He

31 1 12
                                    

Orang itu dihadirkan di dalam hidupku ketika aku belum siap menjadi rentan dan tidak berdaya terhadap suatu perasaan yang dinamakan cinta. Walau sejujurnya sampai detik ini aku sendiri masih bertanya-tanya, apa memang benar perasaan yang mengisi dadaku ini adalah sesuatu yang disebut dengan cinta ataukah hanya sebuah rasa penyesalan karena seharusnya aku bisa melakukan sesuatu yang lebih baik untuknya.

Pada akhirnya itu tidak mengubah apa-apa. Dia pergi.

Aku kehilangannya. Kehilangan kesempatan untuk memastikan perasaannya, kehilangan kesempatan untuk mengatakan kalau dia adalah sosok yang spesial di hatiku, kehilangan kesempatan untuk bisa bersamanya.

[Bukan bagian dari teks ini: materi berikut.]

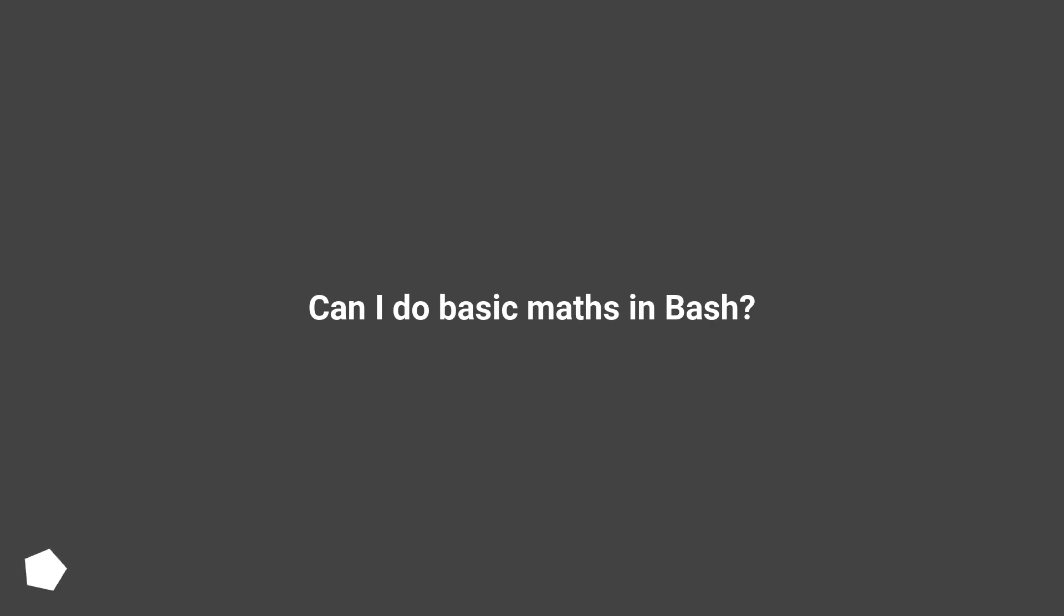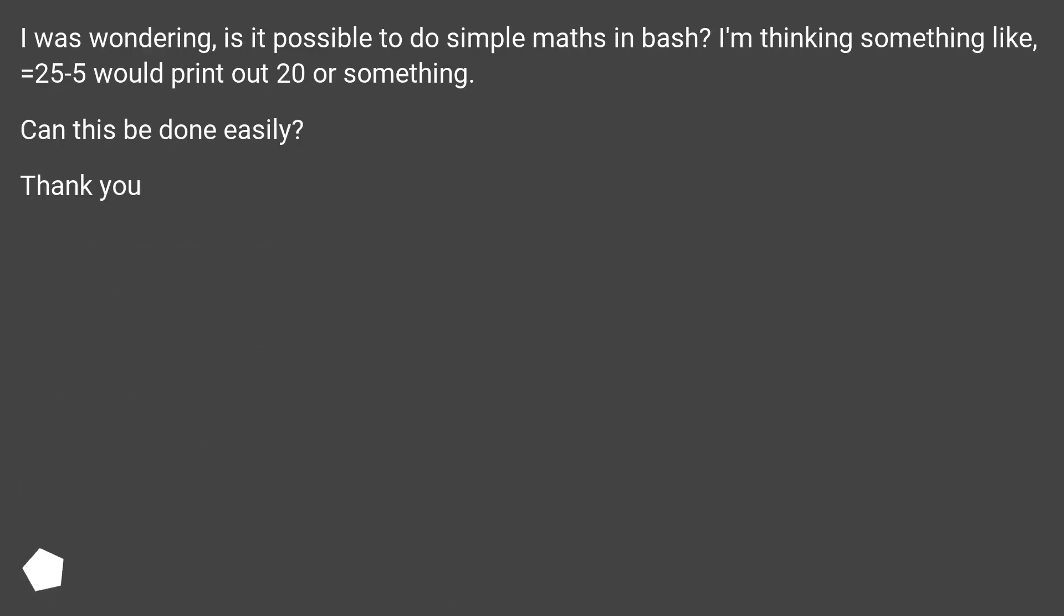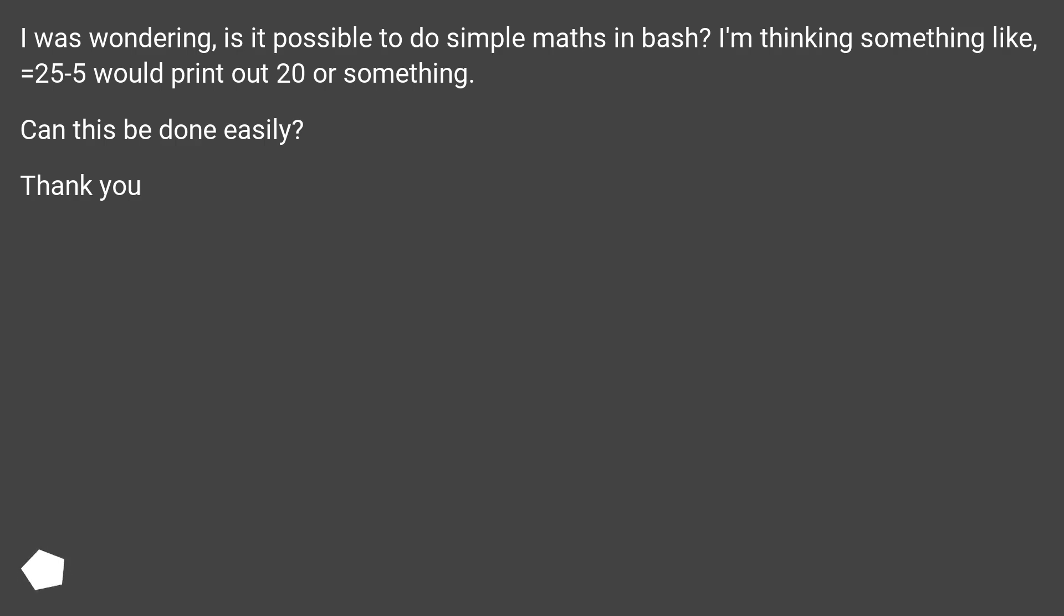Can I do basic maths in Bash? I was wondering, is it possible to do simple maths in Bash? I'm thinking something like 25-5 would print out 20 or something. Can this be done easily? Thank you.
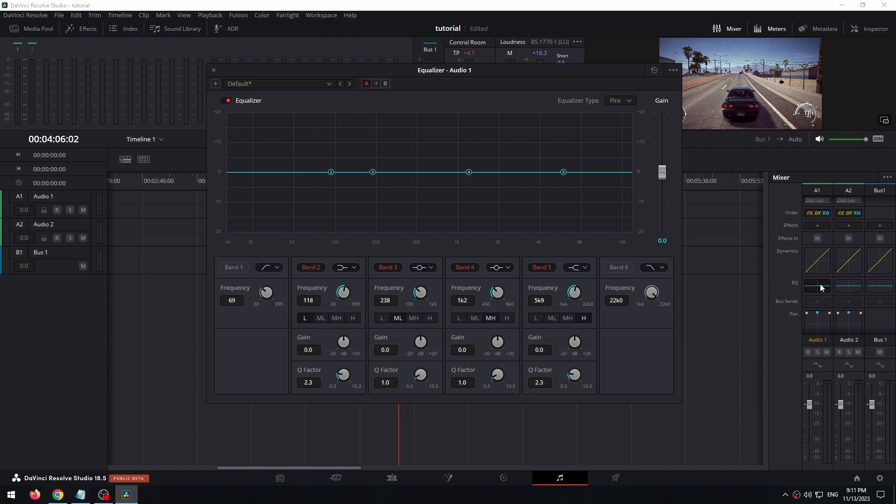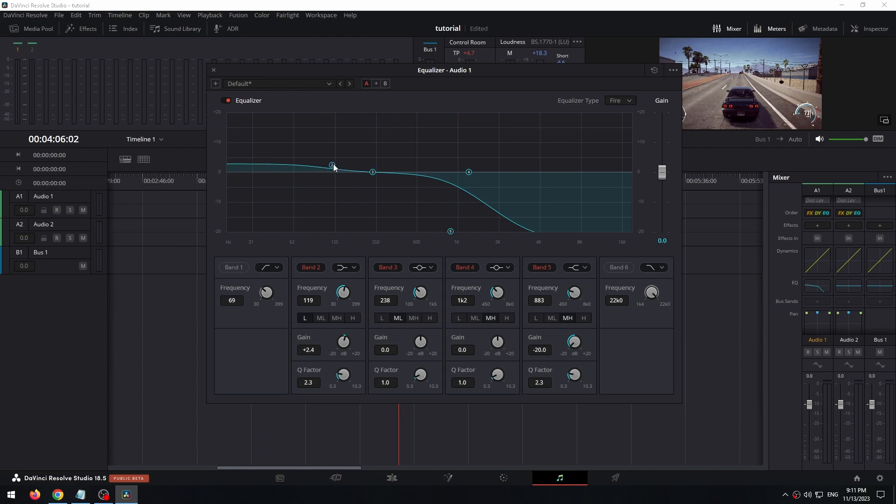Now we need to take 0.5 and pull it down. Point 2 can be raised a little higher, or left unchanged. You need to listen and select individually. Now let's hear the result.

Ketika pertama kali bertemu dengannya, aku langsung merasa kalau dia tidak sesehat seperti orang pada umumnya. Maksudku, sekilas saja aku bisa melihat kulitnya yang pucat, tubuh tingginya yang ramping, kantung mata yang cukup terlihat dengan rambut gondrong ikal hitam pekatnya. Dan benar saja, ternyata dia memang memiliki suatu penyakit yang membuatnya tidak boleh terlalu kelelahan.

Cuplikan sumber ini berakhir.